*What you will do:*
All that is needed is each line of the entries holding the word "Street", copied as it stands.

*Dataset content:*
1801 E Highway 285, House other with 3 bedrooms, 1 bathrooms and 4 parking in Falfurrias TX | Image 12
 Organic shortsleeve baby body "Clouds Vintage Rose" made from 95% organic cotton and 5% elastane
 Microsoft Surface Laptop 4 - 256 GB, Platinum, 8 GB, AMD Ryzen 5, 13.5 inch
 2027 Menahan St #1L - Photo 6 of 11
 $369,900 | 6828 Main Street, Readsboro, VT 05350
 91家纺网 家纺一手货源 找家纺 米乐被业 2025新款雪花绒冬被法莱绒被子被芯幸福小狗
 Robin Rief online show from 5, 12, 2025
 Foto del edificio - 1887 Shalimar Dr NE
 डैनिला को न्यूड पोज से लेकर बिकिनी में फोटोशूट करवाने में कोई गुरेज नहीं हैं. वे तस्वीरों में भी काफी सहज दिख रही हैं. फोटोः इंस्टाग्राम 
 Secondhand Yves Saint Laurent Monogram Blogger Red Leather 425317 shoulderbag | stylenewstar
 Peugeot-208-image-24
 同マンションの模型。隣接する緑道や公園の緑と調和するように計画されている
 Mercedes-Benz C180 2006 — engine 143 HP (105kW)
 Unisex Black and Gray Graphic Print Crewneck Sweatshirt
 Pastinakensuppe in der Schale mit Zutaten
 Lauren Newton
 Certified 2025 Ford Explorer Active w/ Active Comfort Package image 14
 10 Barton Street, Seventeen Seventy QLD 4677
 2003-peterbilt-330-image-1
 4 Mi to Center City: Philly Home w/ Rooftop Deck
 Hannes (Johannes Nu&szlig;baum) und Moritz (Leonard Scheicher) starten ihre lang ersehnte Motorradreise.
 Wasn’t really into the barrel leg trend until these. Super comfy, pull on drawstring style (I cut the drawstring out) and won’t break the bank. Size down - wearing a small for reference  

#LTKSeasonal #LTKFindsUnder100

*Reply:*
 $369,900 | 6828 Main Street, Readsboro, VT 05350
 10 Barton Street, Seventeen Seventy QLD 4677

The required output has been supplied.